As pesquisas sobre consciência ocorrem em contextos multidisciplinares.
A consciência fenomênica
O que Mary não sabia
Frank Jackson é o autor do experimento mental chamado “O que Mary não sabia”.
Nesse experimento, Mary era uma cientista que vivia em um quarto preto e branco. Entretanto, sabia tudo o que se podia saber sobre a física das cores. Sobre a luz, os comprimentos de onda, sobre química e neurofisiologia, sobre como a informação era processada pelo cérebro e tudo mais que fosse possível conhecer sobre cores, objetivamente.
Certo dia, Mary sai do quarto e se depara com um tomate. Apesar de saber tudo sobre as cores, naquele momento Mary aprendeu como era ter a experiência de ver o vermelho.
Esta qualidade da cor, a “vermelhidão do vermelho” que Mary experienciou ao ver o tomate é tipicamente chamada de quale (qualia, no plural).
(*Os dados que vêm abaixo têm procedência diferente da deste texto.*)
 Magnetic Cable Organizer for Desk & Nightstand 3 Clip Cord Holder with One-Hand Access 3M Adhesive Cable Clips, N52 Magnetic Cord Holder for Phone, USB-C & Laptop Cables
Os qualia são as qualidades das experiências, de um ponto de vista de primeira pessoa. São as sensações brutas de todas as experiências subjetivas e privadas, impossíveis de descrever através da linguagem. Coisas como sabores, dores ou como sentimos nossas emoções.
Não experienciamos os qualia separadamente. Enquanto você lê este texto, é provável que esteja percebendo algum som, vendo cores, ou até sentindo um tipo de alegria ou tristeza. E tudo isso ocorre em conjunto.
Todos estes fenômenos qualitativos, a partir de um ponto de vista subjetivo, compõem o que chamamos de consciência fenomênica, ou simplesmente experiência.
Como é ser…
Outra maneira usual para se referir à consciência fenomênica é a expressão como é ser… [alguém]. Vem do inglês what is like to be…
Tal termo ficou famoso pelo artigo de Thomas Nagel, “Como é ser um morcego” (“What is like to be a bat”).
Seu argumento se baseia em um experimento mental no qual o autor infere que, já que sabemos como é ser um ser humano. Então, provavelmente, exista algo tal como “é ser um morcego”. Uma vez que esse animal é um mamífero relativamente próximos dos humanos na evolução.
Mas que nunca saberemos, de fato, como são as qualidades das experiências de um morcego. Eles são cegos e se orientam por uma espécie de sonar. Possuem um aparato fisiológico diferente do humano.
Por mais que possamos ser criativos, jamais teremos uma ideia fiel dos qualia dos morcegos.
Materialismo reducionista
Estes dois artigos são famosos por contra-argumentar uma das teses mais fortes dos estudiosos da mente humana: o materialismo reducionista.
Esta teoria afirma que podemos explicar todos os fenômenos mentais explicando os eventos físicos do cérebro e suas causas.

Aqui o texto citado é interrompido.